Tuesday, November 08, 2005

Worth - Paskow's 'The Paradoxes of Art: A Phenomenological Investigation'

"Alan Paskow successfully defends an important thesis in this book -- that we need not view artworks as separate kinds of entities from other things in our world. Rather, drawing on Heidegger's Being in Time, Paskow shows that self and world are one relational being (88) and artworks and fictional characters are most effectively viewed as internal components of that world. More generally, Paskow takes on a daunting subject: what are the ways in which we interact with works of art? Although there is much historical background required to understand his ultimate thesis, Paskow puts forward the notion of a radically adjusted worldview in order to provide a context in which his thesis makes sense. The key for Paskow is to appeal to the worldview of the Dasein -- an integrated world, one which prefers the first-person phenomenological experience, and which is wholly anti-third-person and anti-Cartesian.

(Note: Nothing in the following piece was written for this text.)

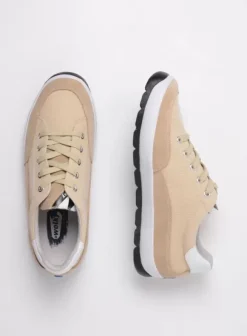 Sneakers|Veterschoenen|Wolky Babati beige canvas/suede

As Paskow argues for this worldview, he develops a wonderful and coherent juxtaposition between historical and contemporary arguments and considers the question of our engagement with artworks from a number of different viewpoints. In the end I think that Paskow is successful in his endeavor to find a new perspective from which we can better make sense of our engagement with art. I worry, however, that in the process he may have taken us too far afield from ways that people actually think about the world and their interaction with it. He is also often too quick to dismiss some very important philosophical work in order to argue for the worldview that allows his position to make the most sense. In the end, however, I think he is successful in his endeavor and this book deserves high praise amongst a number of others that appeal to historical contexts in order to grapple with contemporary philosophical problems." - NDPR.